En fin, todos aquellos que acostumbrados e impotentes contemplamos cómo cada golpe de la violencia aumenta la impunidad y fomenta la sevicia, sin que la justicia y la autoridad logren con sus actos la aprehensión del implicado y su condena ejemplarizante pero humanizada y reivindicadora. Todos ellos sentimos en el alma y en la racionalidad de la conciencia cómo se derrumba o se termina del todo la esperanza, para mostrar un escenario donde lo tortuoso e incierto, lo impredecible e inútil, lo dudoso y pesimista se alza como una barrera, en la que sólo los presagios y la desolación se anuncian para surgir del holocausto.

Se arruinan las quimeras, se agotan las ilusiones, y sólo el desencanto parece sembrar de huellas un porvenir que no es el esperado, ni el ámbito en el que desean desatarse para satisfacción propia y del entorno nuestras más fervientes y anheladas expectativas.

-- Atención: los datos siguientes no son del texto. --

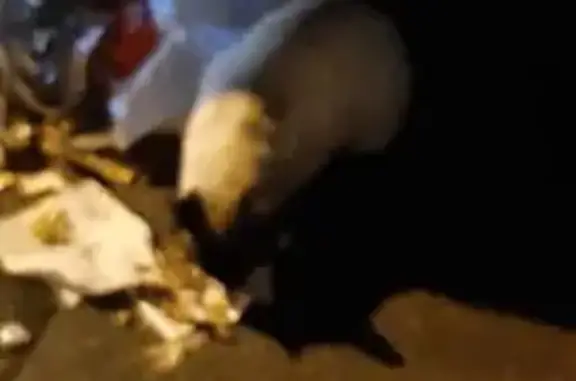 Кошка найдена у Алтайская 9А, Москва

Pero aún ante ese panorama angustiante y deprimente, el sentido de supervivencia y reacomodo puede adoptar la actitud que condensada en una frase grabada en algún muro o en la hoja perdida de un cuaderno, se convierte en estilo, manera de ser y de pensar, carisma, ropaje existencial con el cual avanzar dispuestos todavía a dar un poco más, a soportar un poco más, a pensar que aún entre el caos los principios y valores pueden reencontrarse y resurgir, que es posible la utopía, y que la convivencia puede alcanzar por fin niveles de dignidad y decoro.

Si la esperanza se acaba que el humor sea lo último que se pierda está escrito, controvirtiendo aquella apocalíptica y final de que “la esperanza es lo último que se pierde”, como si aún en el fondo aterrador de la desolación y el desencanto, el genio y la creatividad del hombre encontraran en su inteligencia otra posibilidad única, cuando todo indica lo improbable.

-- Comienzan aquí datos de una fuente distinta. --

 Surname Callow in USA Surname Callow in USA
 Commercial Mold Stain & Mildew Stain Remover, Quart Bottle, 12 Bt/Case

Pero algo muy grave está pasando cuando no solo se mata o ya se ha muerto la esperanza, sino que ahora también la última entre las últimas salidas se amenaza o se asesina.

Muerto el humor, ¿qué más nos queda?, ¿a dónde dirigir la mirada y el rumbo si ya no somos capaces de tolerar la gracia y algunos se sienten amenazados por la risa?, ¿en dónde queda nuestra civilidad y humanismo si ya no soportamos el gracejo o somos incapaces de burlarnos de nosotros mismos? La muerte del humor que ayuda con sus medios a construir el camino de una sociedad más evolucionada y armónica, sin consideraciones puntuales sobre los enfoques políticos que podrían enmarcar su actuación pública, indica que los niveles de barbarie han llegado al máximo, y que ya no hay más fondo ni bajeza en la escala de la irracionalidad y la violencia a la que los criminales pretendan descender. ¡Oh crueldad y salvajismo el alcanzado, cuando la guerra persigue la sonrisa, amenaza la genialidad, tortura el juego, atormenta el optimismo, y pisotea y asesina la poesía! Algo muy grave, tremendamente grave está pasando, cuando de esto dan cuenta las noticias.

Así las cosas, mañana morirá la modelo por ser bella, o el canto porque sus frases son huellas de alegría, o el verso porque exalta el ser amado, o el rezo porque hace a un lado algún desvelo. La sucia guerra habrá traspasado entonces el ya cuestionable sacrificio del mendigo ajusticiado, del soldado herido, del campesino masacrado, del trabajador honesto que reclama mejores posibilidades, del defensor de los derechos humanos acribillado, del estudiante o del hombre desaparecido.

Retrocederemos así a la brutalidad de las cavernas, a la razón forzada del garrote o del hachazo, a la idolatría irracional del autoritarismo, a la condena irreflexiva del pecado, al circunspecto ceño de los perseguidos, y a la inconsciente obediencia del sonámbulo.

Entonces, quizás, tal vez, solo nos quede el recurso del enclaustramiento, la muerte... o el exilio.